== EXERCISE OBJECTIVE ==
In the entries below, find the line with "Does anybody not" and the line with "It's a website"; reproduce those two lines and all lines between them exactly, without pictures.

== SUPPLIED RECORDS ==
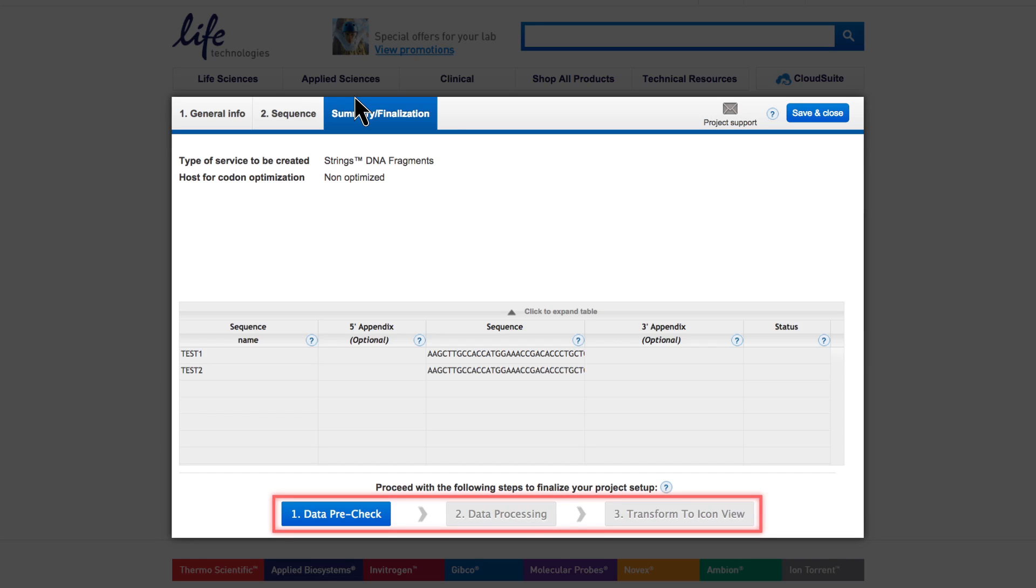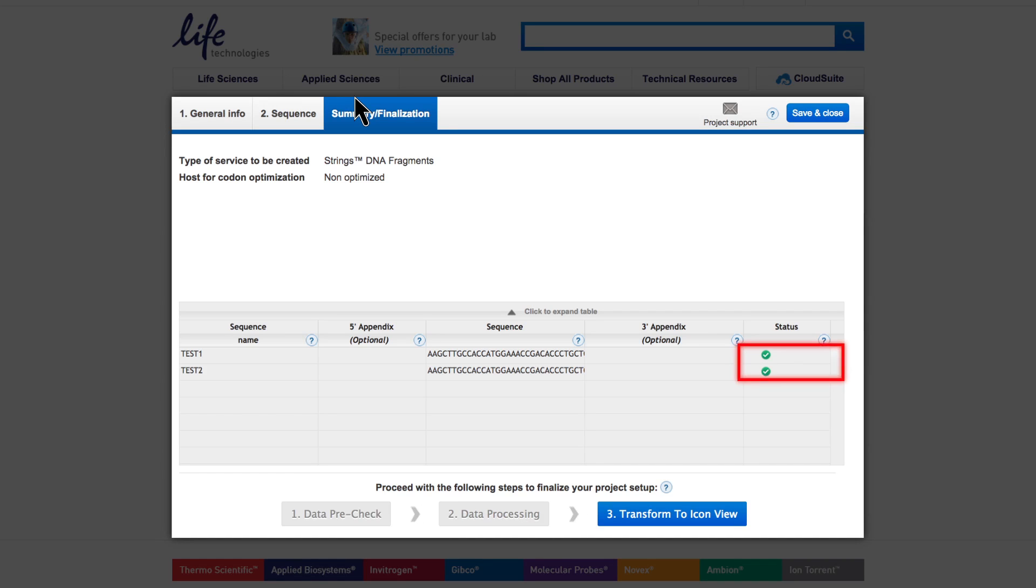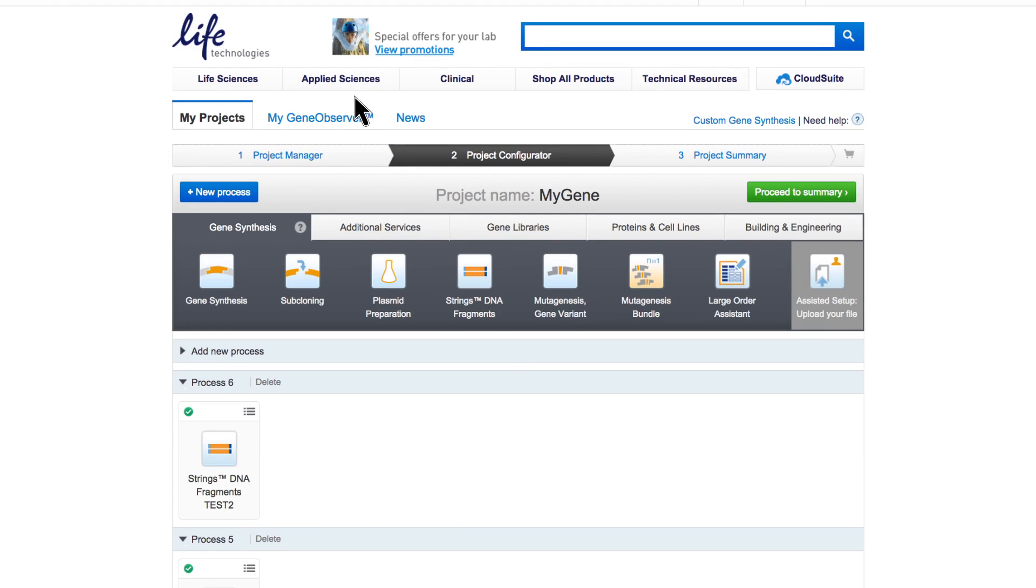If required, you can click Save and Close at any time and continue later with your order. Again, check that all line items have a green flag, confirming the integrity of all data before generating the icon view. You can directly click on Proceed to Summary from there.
==
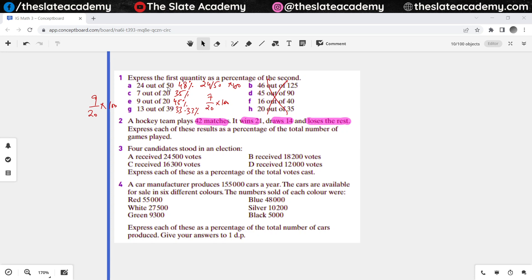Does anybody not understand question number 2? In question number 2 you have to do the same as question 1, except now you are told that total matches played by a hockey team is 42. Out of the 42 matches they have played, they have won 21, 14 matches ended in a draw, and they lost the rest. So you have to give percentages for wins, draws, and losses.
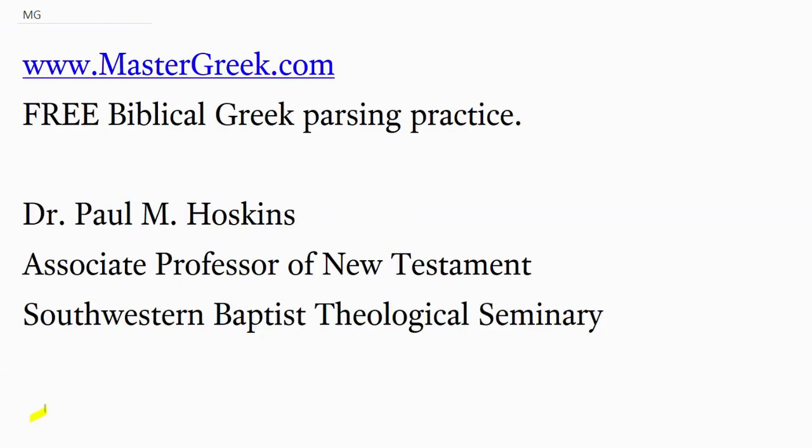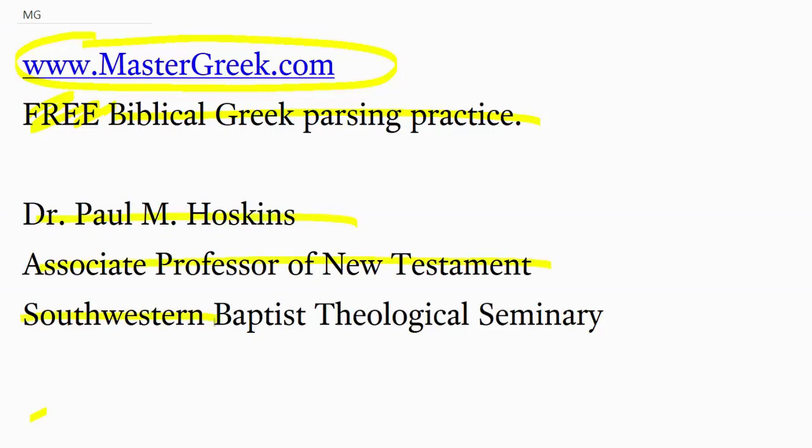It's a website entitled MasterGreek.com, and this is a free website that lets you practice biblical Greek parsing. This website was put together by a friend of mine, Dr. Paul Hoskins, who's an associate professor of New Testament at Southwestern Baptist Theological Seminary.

== ANSWER BOX ==
Does anybody not understand question number 2? In question number 2 you have to do the same as question 1, except now you are told that total matches played by a hockey team is 42. Out of the 42 matches they have played, they have won 21, 14 matches ended in a draw, and they lost the rest. So you have to give percentages for wins, draws, and losses.
It's a website entitled MasterGreek.com, and this is a free website that lets you practice biblical Greek parsing. This website was put together by a friend of mine, Dr. Paul Hoskins, who's an associate professor of New Testament at Southwestern Baptist Theological Seminary.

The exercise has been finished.